Despite the international legal and normative consensus on the absolute prohibition of torture it remains one of the most common human rights violations around the world. According to the most comprehensive and up-to-date figures, torture has been reported in more than 140 countries (Amnesty International, n.d.). This article highlights issues that practitioners should be aware of when dealing with clients suffering from torture trauma.
The scope of torture
Torture refers to acts that intentionally cause harm and lead to severe mental or physical pain or suffering. The purpose of torture may be to obtain information or forced confessions, or to punish or intimidate individuals and sometimes even entire communities.

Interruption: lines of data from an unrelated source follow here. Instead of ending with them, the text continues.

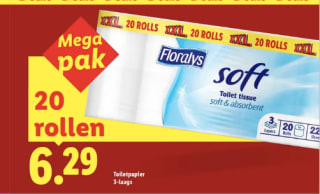 Toiletpapier 3-laags 20 rollen (XXL) voor €6,29 bij Lidl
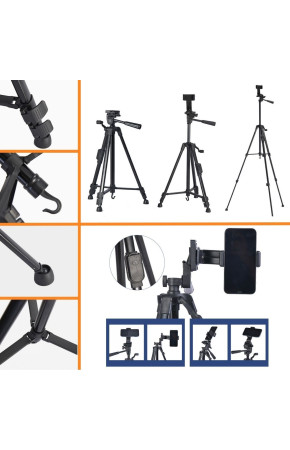 Telefon ve Fotoğraf Makinası Takılabilen Bluetooth Kumandalı 146 cm Tripod
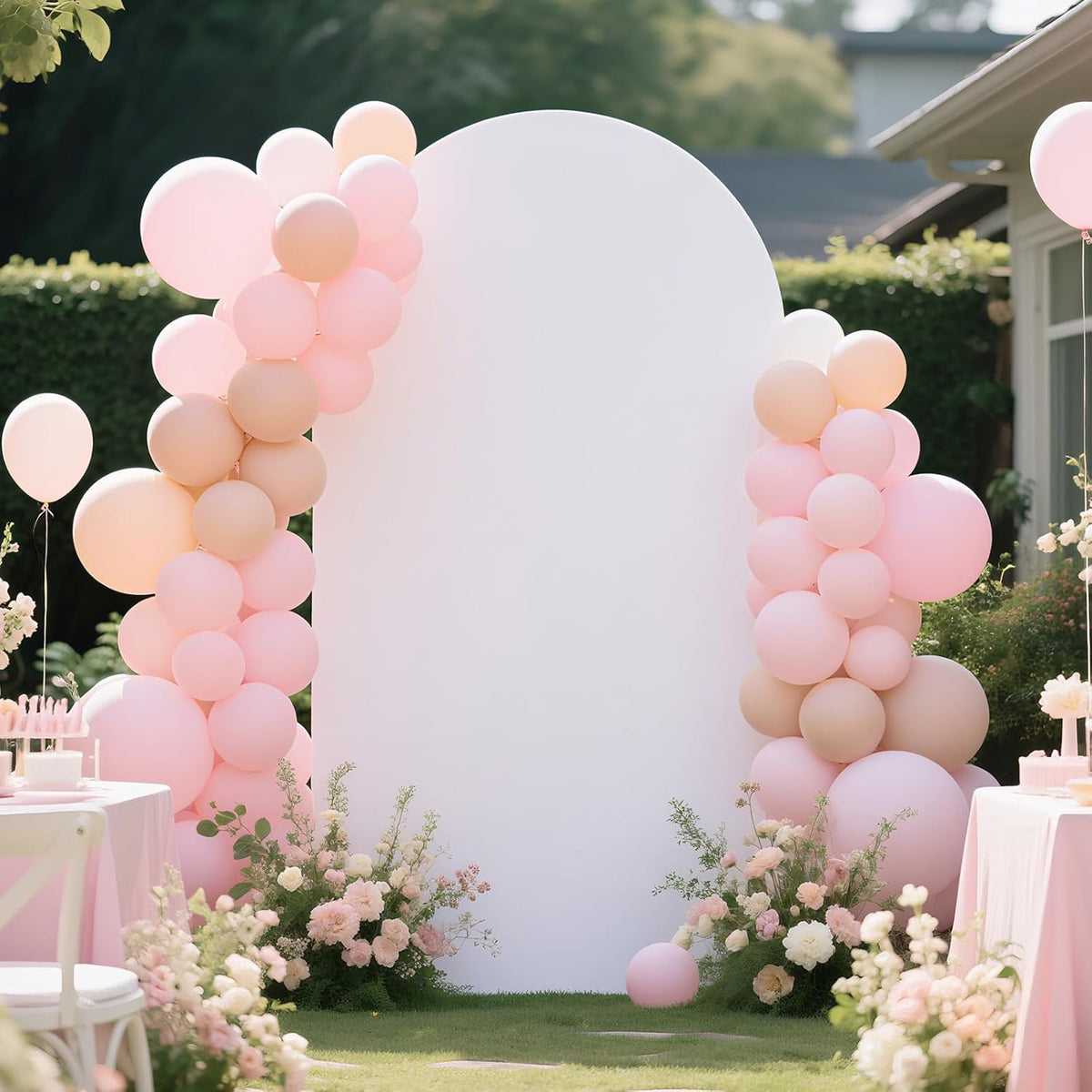 Ledido Wedding Arch Backdrop Cover 7.2FT Arch Covers Fitted Stretchy Spandex Round Top Stand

In the common definition of torture, the perpetrators are state officials, such as the police or armed forces, or someone acting at the acquiescence of the state (e.g., Mirzaei et al. 2011; Gaeta, 2008).
Torture is a very serious form of violence and can involve many forms of physical, psychological, or sexual brutality.
Torture is a very serious form of violence and can involve many forms of physical, psychological, or sexual brutality. Pharmacological or chemical agents, such as sedatives or irritants may also be used. Rape is frequently reported, which often has long-lasting effects and can disrupt communities as a whole as reported by the International Rehabilitation Council for Torture Victims (IRCT) in their resource ‘Support Life After Sexual Torture’. Torture of all kinds often impacts the individual long after the events occurred.
The impact of torture
The objective of torture is to destroy all aspects of the person; to break them down, rupture their sense of identity, and sever their links to family and community. Torture can lead to permanent physical disabilities and psychologically scar victims, leaving them with profound and long-lasting mental health issues such as post-traumatic stress disorder, as well as anxiety and depressive disorders. Although many victims demonstrate extraordinary resilience, resourcefulness and agency, torture can profoundly impact all aspects of a person’s daily life. Severe headaches, insomnia, suicidal ideation, being easily frightened, being in heightened emotional states, feeling suspicious, having flashbacks, and involuntary disassociation are some of the most frequently reported symptoms of torture trauma. This can make it extremely difficult for people to maintain social relations, work, carry out basic day-to-day tasks and to participate in rehabilitative programs or administrative and judicial procedures.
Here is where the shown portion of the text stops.